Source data
▼

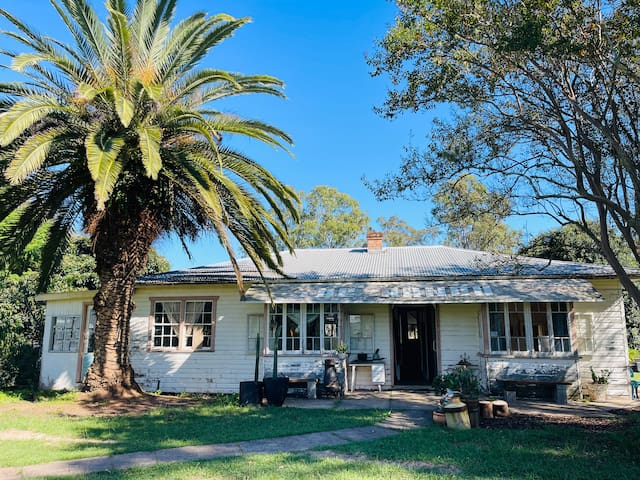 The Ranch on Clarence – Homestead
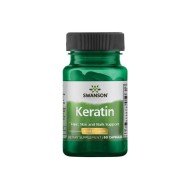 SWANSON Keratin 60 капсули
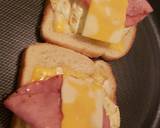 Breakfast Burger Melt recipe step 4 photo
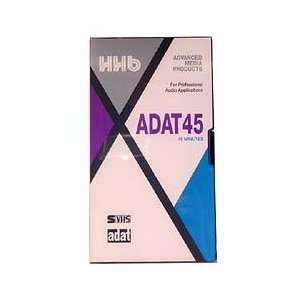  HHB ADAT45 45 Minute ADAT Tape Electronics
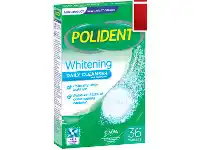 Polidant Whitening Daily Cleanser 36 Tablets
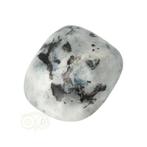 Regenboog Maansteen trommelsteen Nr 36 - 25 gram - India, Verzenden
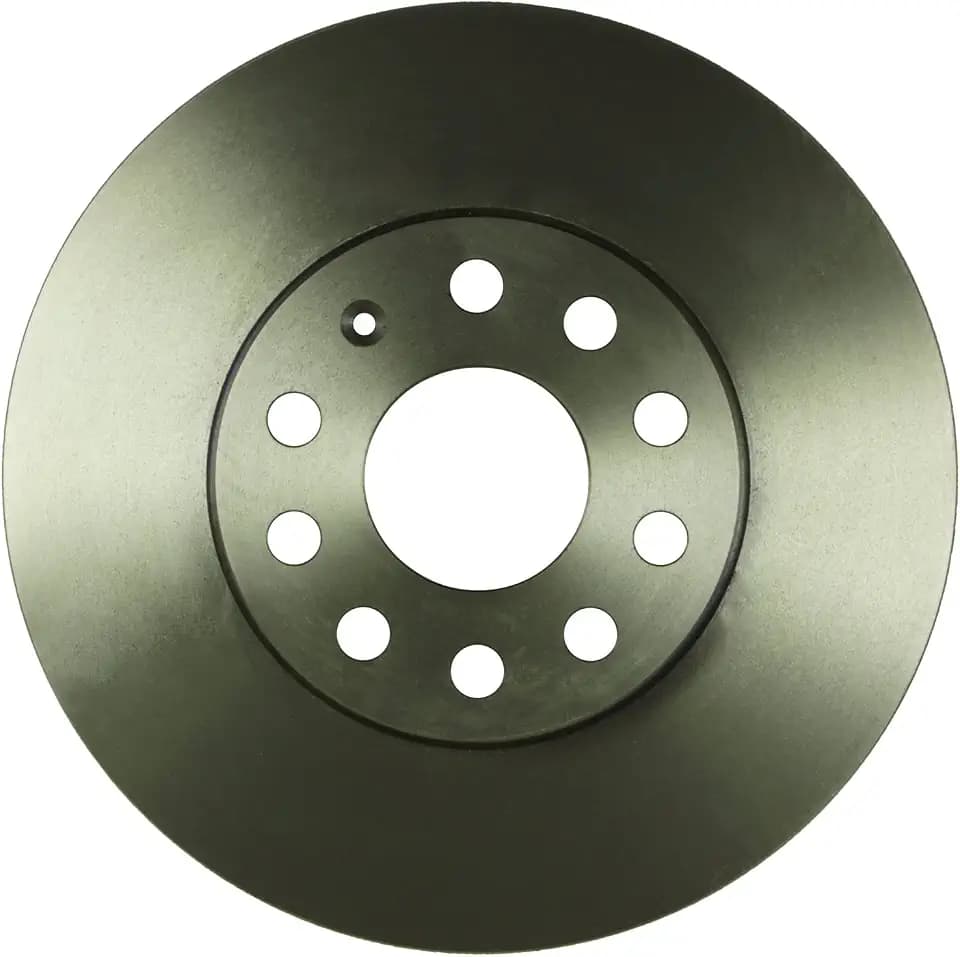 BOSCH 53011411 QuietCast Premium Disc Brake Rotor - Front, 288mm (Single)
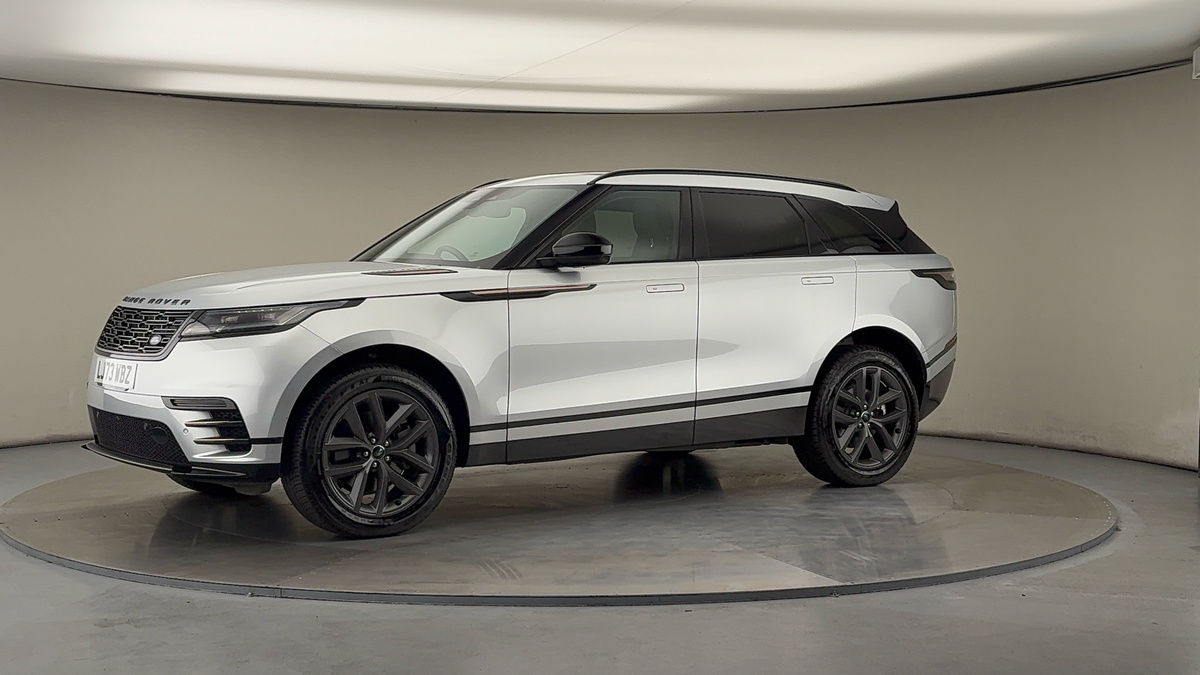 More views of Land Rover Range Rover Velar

▲

_EXERCISE PROMPT:_ Verbatim repeat, images removed: give each entry again exactly as it reads.

_PROBLEM SOLUTION:_
 The Ranch on Clarence – Homestead
 SWANSON Keratin 60 капсули
 Breakfast Burger Melt recipe step 4 photo
  HHB ADAT45 45 Minute ADAT Tape Electronics
 Polidant Whitening Daily Cleanser 36 Tablets
 Regenboog Maansteen trommelsteen Nr 36 - 25 gram - India, Verzenden
 BOSCH 53011411 QuietCast Premium Disc Brake Rotor - Front, 288mm (Single)
 More views of Land Rover Range Rover Velar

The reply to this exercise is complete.